■ Your instructions:
Return, in their exact form, the lines that lie between the start of the data below and the line containing "White zip-up tracksuit", with both ends included.
######
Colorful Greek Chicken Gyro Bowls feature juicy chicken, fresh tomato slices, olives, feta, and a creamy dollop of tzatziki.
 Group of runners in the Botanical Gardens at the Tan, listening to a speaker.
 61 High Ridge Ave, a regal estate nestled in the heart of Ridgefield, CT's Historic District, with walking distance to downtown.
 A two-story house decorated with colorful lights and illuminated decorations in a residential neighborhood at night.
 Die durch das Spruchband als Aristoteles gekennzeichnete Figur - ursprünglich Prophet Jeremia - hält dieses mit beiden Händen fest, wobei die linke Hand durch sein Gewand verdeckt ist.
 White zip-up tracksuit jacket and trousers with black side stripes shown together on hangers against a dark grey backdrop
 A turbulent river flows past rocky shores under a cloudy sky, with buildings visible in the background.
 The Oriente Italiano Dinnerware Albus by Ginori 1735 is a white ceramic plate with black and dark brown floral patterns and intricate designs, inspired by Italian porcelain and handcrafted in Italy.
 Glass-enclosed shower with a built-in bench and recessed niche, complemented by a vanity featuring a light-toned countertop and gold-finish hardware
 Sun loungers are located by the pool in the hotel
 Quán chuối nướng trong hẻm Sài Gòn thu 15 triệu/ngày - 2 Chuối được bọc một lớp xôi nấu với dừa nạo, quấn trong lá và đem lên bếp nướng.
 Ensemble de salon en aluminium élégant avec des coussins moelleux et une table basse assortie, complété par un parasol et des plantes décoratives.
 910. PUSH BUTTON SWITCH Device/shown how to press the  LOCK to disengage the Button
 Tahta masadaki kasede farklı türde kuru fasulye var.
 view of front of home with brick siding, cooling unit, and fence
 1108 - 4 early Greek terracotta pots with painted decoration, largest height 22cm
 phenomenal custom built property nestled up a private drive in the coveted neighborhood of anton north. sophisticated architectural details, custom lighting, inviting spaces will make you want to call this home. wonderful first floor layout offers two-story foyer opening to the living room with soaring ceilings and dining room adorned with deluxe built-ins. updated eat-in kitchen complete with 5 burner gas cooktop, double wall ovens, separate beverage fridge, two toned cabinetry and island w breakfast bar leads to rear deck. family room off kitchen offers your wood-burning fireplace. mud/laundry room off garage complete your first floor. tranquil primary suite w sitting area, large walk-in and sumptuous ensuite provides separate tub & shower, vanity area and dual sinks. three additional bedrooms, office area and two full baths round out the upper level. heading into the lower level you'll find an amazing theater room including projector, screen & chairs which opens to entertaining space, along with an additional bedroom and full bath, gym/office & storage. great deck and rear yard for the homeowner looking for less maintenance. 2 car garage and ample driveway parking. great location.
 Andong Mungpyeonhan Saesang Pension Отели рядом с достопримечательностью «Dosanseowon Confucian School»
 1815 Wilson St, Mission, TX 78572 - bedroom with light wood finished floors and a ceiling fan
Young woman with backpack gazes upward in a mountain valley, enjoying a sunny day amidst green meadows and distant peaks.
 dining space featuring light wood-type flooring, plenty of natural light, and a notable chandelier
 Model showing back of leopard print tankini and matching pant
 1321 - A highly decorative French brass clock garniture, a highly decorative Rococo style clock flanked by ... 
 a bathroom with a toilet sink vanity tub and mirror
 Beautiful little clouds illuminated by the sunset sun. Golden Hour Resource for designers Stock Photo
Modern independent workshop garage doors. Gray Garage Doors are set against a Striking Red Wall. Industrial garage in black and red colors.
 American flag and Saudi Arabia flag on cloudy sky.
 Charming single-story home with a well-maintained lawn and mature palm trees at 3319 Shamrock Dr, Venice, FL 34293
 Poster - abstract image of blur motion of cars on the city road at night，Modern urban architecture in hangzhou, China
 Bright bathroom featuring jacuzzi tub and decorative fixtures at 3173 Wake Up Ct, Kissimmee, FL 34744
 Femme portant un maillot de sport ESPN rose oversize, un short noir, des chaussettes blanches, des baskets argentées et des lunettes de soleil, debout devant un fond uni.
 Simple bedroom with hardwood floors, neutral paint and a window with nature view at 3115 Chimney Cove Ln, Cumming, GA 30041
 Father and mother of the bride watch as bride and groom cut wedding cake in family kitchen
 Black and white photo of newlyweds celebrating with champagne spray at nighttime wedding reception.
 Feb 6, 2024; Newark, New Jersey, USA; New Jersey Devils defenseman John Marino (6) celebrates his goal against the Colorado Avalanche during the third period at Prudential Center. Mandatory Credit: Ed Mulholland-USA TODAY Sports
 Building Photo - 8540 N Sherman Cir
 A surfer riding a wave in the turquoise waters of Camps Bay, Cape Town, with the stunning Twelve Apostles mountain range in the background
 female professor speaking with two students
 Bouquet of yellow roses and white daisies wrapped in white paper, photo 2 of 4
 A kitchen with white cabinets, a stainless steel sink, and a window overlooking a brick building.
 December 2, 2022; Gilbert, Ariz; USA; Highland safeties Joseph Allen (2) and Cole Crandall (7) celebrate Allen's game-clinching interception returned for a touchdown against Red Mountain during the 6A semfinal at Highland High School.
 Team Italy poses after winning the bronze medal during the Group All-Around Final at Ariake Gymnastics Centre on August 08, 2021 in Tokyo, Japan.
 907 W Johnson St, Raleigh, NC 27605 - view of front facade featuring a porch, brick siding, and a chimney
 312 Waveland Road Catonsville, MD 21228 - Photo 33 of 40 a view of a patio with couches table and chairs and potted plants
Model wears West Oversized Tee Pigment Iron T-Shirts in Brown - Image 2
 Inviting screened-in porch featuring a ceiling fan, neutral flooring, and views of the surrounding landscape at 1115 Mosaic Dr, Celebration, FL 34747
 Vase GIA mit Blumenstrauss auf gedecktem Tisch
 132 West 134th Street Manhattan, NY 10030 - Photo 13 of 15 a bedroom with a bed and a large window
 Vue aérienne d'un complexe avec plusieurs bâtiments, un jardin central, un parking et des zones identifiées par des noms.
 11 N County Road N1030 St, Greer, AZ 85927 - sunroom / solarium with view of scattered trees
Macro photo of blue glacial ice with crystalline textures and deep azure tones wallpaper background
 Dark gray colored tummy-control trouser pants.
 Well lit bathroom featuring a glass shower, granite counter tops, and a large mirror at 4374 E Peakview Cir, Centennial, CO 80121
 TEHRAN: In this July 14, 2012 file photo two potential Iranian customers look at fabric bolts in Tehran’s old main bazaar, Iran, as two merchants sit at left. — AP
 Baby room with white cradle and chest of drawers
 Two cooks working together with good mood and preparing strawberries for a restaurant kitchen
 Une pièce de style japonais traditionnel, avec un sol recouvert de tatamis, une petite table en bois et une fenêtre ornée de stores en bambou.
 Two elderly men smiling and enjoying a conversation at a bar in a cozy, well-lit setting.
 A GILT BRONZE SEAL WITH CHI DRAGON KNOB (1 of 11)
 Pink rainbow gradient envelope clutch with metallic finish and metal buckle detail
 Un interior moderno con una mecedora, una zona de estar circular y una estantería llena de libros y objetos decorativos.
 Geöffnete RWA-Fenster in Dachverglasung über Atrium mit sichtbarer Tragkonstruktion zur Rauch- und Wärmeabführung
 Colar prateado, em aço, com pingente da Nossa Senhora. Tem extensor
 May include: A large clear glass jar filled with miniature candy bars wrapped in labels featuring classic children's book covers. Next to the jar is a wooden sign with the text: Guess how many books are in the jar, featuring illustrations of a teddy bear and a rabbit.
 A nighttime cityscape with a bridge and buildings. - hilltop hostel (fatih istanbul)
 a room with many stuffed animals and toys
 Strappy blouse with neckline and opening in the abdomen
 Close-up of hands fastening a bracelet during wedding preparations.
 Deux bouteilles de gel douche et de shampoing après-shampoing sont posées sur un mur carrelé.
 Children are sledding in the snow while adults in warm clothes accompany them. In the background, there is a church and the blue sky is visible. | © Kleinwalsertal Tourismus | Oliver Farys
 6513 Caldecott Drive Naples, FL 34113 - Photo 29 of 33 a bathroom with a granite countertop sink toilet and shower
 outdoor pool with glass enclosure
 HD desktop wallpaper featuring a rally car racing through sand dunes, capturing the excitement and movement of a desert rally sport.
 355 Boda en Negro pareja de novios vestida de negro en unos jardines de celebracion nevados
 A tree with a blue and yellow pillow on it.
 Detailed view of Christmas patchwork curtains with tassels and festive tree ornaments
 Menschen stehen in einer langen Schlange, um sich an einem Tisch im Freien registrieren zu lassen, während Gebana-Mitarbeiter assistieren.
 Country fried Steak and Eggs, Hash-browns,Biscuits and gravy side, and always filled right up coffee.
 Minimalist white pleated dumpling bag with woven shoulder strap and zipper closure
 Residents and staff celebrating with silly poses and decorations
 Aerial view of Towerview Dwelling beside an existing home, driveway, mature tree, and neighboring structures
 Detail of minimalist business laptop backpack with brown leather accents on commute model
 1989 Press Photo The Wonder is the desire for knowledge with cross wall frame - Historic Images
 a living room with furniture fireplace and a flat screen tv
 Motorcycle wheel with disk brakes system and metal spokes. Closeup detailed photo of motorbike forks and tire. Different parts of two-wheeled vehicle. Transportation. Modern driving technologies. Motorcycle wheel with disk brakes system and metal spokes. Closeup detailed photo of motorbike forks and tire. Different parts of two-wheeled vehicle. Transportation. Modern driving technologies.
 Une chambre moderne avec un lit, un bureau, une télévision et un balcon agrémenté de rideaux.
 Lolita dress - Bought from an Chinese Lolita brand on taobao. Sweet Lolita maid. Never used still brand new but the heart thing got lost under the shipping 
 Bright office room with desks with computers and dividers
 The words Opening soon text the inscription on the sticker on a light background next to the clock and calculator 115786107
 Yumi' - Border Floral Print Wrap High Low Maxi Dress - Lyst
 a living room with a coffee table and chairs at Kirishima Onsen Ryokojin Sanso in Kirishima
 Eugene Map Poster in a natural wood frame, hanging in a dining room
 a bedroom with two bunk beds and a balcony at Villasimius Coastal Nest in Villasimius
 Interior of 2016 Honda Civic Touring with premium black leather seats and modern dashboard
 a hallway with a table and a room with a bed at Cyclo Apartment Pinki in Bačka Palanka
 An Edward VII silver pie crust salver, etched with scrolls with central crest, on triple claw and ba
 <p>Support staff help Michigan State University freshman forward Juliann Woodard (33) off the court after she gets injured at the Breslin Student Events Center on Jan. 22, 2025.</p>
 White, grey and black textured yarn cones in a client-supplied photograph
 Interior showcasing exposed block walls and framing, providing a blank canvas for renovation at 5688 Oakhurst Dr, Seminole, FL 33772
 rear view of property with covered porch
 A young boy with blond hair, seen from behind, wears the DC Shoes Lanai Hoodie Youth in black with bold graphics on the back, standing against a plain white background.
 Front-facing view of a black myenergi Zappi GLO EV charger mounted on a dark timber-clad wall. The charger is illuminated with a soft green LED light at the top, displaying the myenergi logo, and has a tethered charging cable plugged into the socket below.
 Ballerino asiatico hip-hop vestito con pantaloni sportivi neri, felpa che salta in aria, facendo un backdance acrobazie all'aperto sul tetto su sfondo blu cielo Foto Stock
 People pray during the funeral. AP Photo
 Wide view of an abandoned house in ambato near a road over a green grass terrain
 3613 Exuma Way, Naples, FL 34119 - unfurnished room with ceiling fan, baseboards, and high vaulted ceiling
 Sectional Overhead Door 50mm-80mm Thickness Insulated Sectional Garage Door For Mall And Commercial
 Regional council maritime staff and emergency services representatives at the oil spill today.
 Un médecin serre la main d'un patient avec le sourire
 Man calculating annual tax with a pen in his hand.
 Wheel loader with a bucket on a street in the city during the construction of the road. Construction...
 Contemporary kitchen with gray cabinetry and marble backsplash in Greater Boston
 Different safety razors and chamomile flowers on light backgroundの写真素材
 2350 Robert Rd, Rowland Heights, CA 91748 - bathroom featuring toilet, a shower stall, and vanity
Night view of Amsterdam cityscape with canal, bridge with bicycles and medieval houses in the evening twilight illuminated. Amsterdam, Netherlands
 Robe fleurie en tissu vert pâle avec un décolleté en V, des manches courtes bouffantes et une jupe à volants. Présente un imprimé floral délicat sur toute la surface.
######
■ Solution for this task:
Colorful Greek Chicken Gyro Bowls feature juicy chicken, fresh tomato slices, olives, feta, and a creamy dollop of tzatziki.
 Group of runners in the Botanical Gardens at the Tan, listening to a speaker.
 61 High Ridge Ave, a regal estate nestled in the heart of Ridgefield, CT's Historic District, with walking distance to downtown.
 A two-story house decorated with colorful lights and illuminated decorations in a residential neighborhood at night.
 Die durch das Spruchband als Aristoteles gekennzeichnete Figur - ursprünglich Prophet Jeremia - hält dieses mit beiden Händen fest, wobei die linke Hand durch sein Gewand verdeckt ist.
 White zip-up tracksuit jacket and trousers with black side stripes shown together on hangers against a dark grey backdrop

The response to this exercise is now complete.